The government has been putting efforts towards clean energy and electric vehicle is one of their main projects, experts point out.
The automobile sector is hopeful that the Union Budget 2020 will augur well for the industry and help deal with the falling demand.
While brokerages are of the view that a cut in personal income tax rates could lead to increased demand for vehicles as it increases the disposable income of individuals and segments like cars and two-wheelers would benefit from this.
There is also a possibility that the government could increase the rural spending in this Budget which would have a positive impact on demand for tractors and two-wheelers.
Brokerage firm Edelweiss Securities expects a reduction in GST rates for small cars and two-wheelers from 28 percent to 18 percent. It also expects the government to take steps to support setting up of scrapping centres.
Besides, the brokerage expects reduction in customs duty on key components used in electric vehicles (EVs) which are not manufactured in India and keep it in the range of 10 percent.

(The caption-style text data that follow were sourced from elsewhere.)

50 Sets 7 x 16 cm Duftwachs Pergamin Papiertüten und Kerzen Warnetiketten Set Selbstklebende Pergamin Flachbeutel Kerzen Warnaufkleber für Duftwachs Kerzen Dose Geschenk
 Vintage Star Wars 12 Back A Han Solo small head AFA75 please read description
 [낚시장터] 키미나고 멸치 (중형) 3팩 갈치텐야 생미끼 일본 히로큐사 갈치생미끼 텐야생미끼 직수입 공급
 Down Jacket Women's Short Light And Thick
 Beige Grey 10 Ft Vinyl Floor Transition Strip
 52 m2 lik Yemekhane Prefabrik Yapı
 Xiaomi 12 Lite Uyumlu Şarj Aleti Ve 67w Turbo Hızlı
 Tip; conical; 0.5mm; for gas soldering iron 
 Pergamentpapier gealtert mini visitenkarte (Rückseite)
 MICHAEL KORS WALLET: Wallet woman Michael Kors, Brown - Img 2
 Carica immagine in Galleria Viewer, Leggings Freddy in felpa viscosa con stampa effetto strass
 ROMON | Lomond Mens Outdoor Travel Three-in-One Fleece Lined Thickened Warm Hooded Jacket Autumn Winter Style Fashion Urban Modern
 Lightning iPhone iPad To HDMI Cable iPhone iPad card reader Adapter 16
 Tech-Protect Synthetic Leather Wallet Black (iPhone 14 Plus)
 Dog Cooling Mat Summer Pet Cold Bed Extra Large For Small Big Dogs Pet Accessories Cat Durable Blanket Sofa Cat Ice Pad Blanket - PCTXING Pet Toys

The government has been putting efforts towards clean energy and electric vehicles is one of their main projects towards their goal of a better environment, experts point out.
"The government has already made many announcements for the E-vehicle sector like cut in GST rates from 12 percent to 5 percent, but we are expecting further announcements to make E-vehicle more viable. The industry is demanding a cut in GST rates for raw material as well to make E-vehicle cost-effective while there could be major announcements for better infrastructure for E-vehicles," said Amit Gupta, Co-Founder and CEO, TradingBells.
Society of Indian Automobile Manufacturers (SIAM) has proposed abolition of import duty on lithium-ion battery cells which would encourage local manufacturing of battery packs and enable a reduction in overall electric vehicle costs.
Brokerage firm Antique Stock Broking also expects some scrappage policy for the industry to reduce pollution emission and increase vehicle sales which would be beneficial for everyone in the sector including auto ancillary companies.
Automakers are moving towards manufacturing electric vehicles in large numbers as a range of electric vehicles are being launched and more are in the pipeline.
While the technological shit in the automobile industry is inevitable, the larger question is whether our market is ready to absorb it as we still lack a suitable infrastructure to move to electric vehicles.
Due to this, the government's action on addressing lower charging stations and higher cost of ownership would be the key area to be watched in the Budget 2020.
Experts point out there is a greater need to incentivise the buying and selling of EVs as they are the future of the automobile market.
"We believe electrification of 3-wheelers and 2- wheelers by FY23 and FY25 will further garner some positive commentary in the Budget," said Vinod Nair, Head of Research at Geojit Financial Services.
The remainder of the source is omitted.